Although the Plaintiffs insist that Allstate all along harbored a subjective intent to cancel the retiree life insurance benefit and engaged in fraud to conceal this fact from them, an examination of the evidence reveals that this position is wholly unsupported. Initially, the Plaintiffs fail to explain how Allstate fraudulently harbored and concealed a subjective intent to cancel retiree life insurance benefits, when the Governing Plan Documents unambiguously revealed this possibility. Further, Allstate continued these retiree benefits for decades, providing them to Klaas Plaintiffs in 1994 or 1995, and providing them to the Turner Plaintiffs starting in 1991, when Plaintiff Kerr retired. Subsequently, Allstate added the Turner Plaintiffs to the retiree life insurance roll as they retired: Spiewak in 1994, Nixon in 1994, Willingham in 1996, Vidales in 1999, Cartrette in 1999, Huff in 2000, Drake in 2002, Scholl in 2002, Wofford in 2002, Turner in 2003, Shepard in 2007, and Bentley in 2010. To accept the Plaintiffs' argument, one would have to conclude that at the same time Allstate added retirees to its paid life insurance rolls it also fraudulently planned to terminate the benefit at some undetermined time in the future. Not only does this defy common sense, it is wholly unsupported by the evidence presented to demonstrate fraud or concealment. The Court finds that the fraud or concealment exception to the time limitations in § 1113 does not apply to the Plaintiffs' breach of fiduciary duty claims under the undisputed facts.
Pursuant to § 1113 and the evidence presented, the six-year time limitation expired in June 2012 for the Turner Plaintiffs and in 2001, at the latest, for the Klaas Plaintiffs. The Turner Plaintiffs filed this lawsuit on September 23, 2013, and the Klaas Plaintiffs filed suit on March 11, 2015. Consequently, their § 502(a)(3) breach of fiduciary duty claims are time barred. Accordingly, Allstate's Motion for Summary Judgment as to the Turner and Klaas Plaintiffs' § 502(a)(3) claims is due to be GRANTED.
The Court's grant of summary judgment to Allstate on the claims under § 502(a)(1)(B) and § 502(a)(3) pretermits any discussion or determination of the Plaintiffs' surcharge claim or the claims of the individual Plaintiffs.
V. CONCLUSION
In sum, Allstate is entitled to summary judgment on the Turner and Klaas Plaintiffs' § 502(a)(1)(B) claims because the reservation of rights language in Allstate's Governing Plan Documents is unambiguous; the language permits Allstate to terminate the retiree life insurance benefit, and the Plaintiffs' interest therein was not vested.

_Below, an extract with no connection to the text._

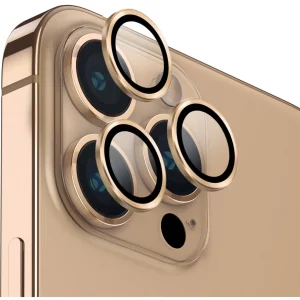 Защита объектива камеры UNIQ OPTIX iPhone 14 Pro / 14 Pro Max Золотой (GOLD)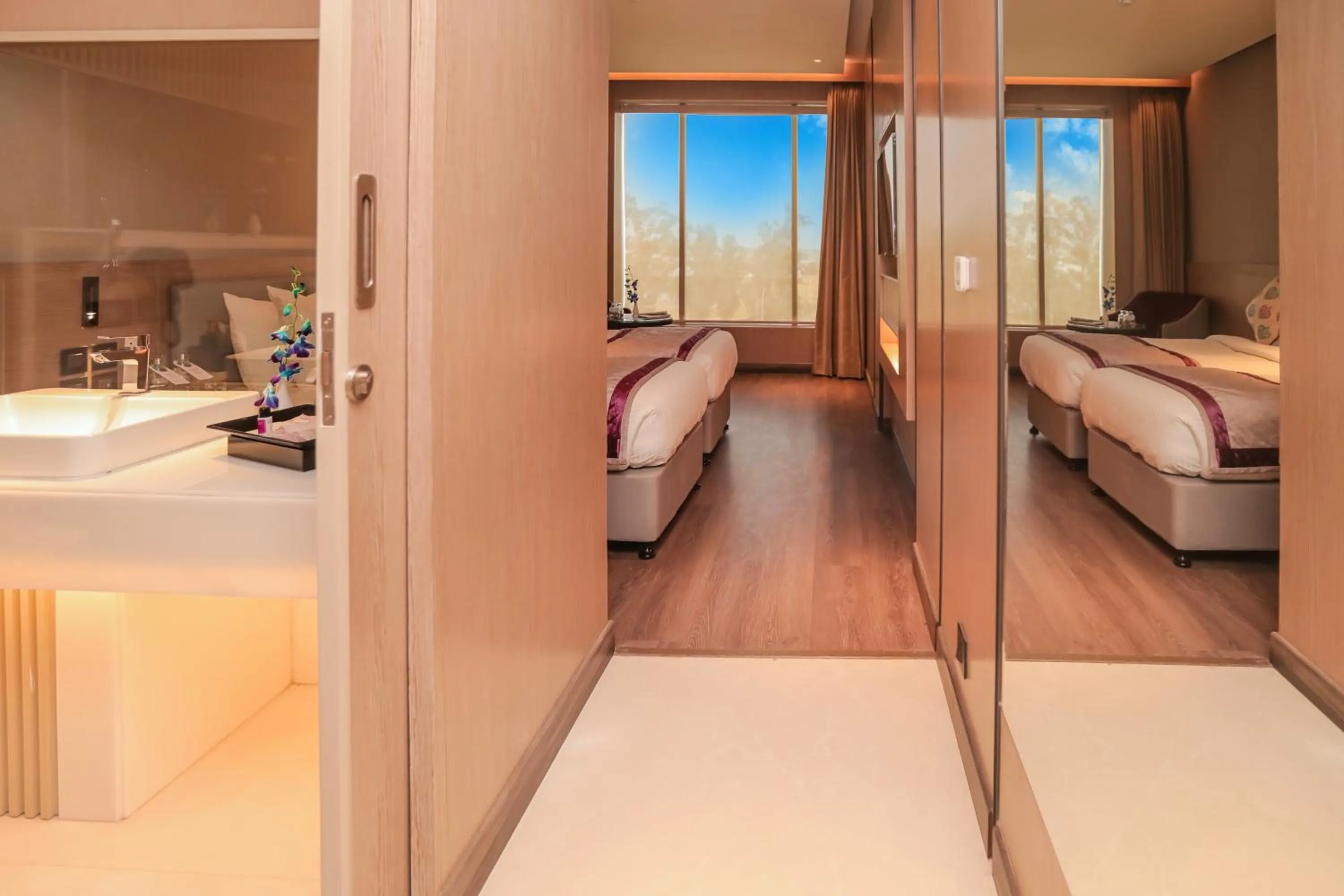 Bedroom, Bed in Regenta Place Verka Amritsar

Allstate is also entitled to summary judgment on the Turner and Klaas Plaintiffs' § 502(a)(3) claims because such claims are untimely pursuant to 29 U.S.C. § 1113.
Accordingly, for the reasons as stated and for good cause, it is
ORDERED that
1. Allstate's motion for summary judgment against the Turner Plaintiffs (doc. 304) is GRANTED; and
2. Allstate's motion for summary judgment against the Klaas Plaintiffs (doc. 305) is GRANTED.
3. All other pending motions (docs. 226, 228, 234, 284, 409, 412, 417, 418, 420, and 430) are DENIED as moot.
4. Costs are taxed against the Plaintiffs for which execution may issue.
A separate final judgment will enter.
DONE this 30th day of September, 2020.